- Specialty: Orthopaedics
- Symptoms: Inflammation, Pain
- Causes: Prolonged sitting on hard surfaces

= Ischial bursitis =

Ischial bursitis (also known as weaver's bottom) is inflammation of the synovial bursa located between gluteus maximus muscle and ischial tuberosity.

== Signs and symptoms ==
Ischial bursitis causes pain down the posterior aspect of the upper thigh. There may be pain over the ischial tuberosity. Chronic ischial bursitis may cause paraesthesia. This pain may become immediately more severe when sitting down.

== Cause ==
Ischial bursitis is usually caused by prolonged sitting on a hard surface. It may also be related to ischial apophysitis, which may be caused by exercise, particularly in young and athletic patients.

== Mechanism ==
The ischial bursa is a synovial bursa located between gluteus maximus muscle and ischial tuberosity. When in a seated position, the ischial bursa is put under the highest amount of pressure, which is most significant against a hard surface.

Friction from exercise can lead to inflammation of the ischial bursa, known as bursitis.

== Diagnosis ==
Ischial bursitis is usually diagnosed clinically based on symptoms.
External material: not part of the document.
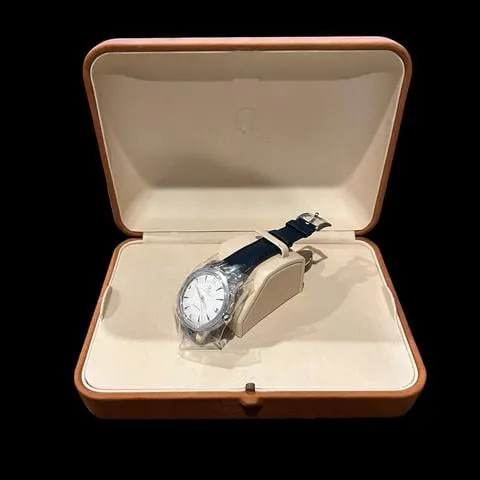 Omega Museum 511.13.38.20.02.001 38mm Stainless steel Silver 2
An x-ray (using injected contrast agent) may be used to identify the formation of calluses.

== Treatment ==
Ischial bursitis is usually treated conservatively. Lifestyle changes may be advised, avoiding certain exercises and sitting on hard surfaces. Analgesics, such as nonsteroidal anti-inflammatory drugs, may be used to relieve pain.

Ischial bursitis may be treated with medical and surgical interventions if it is persistent or particularly severe. Analgesics, anaesthetics, or triamcinolone may be injected to relieve pain.

== Epidemiology ==
Ischial bursitis is a fairly rare illness. When a patient presents with symptoms, other conditions such as a spinal disc herniation may be considered.

== History ==
Ischial bursitis is also known as "weaver's bottom" and "tailor's bottom" after professions which involve prolonged sitting on a hard surface.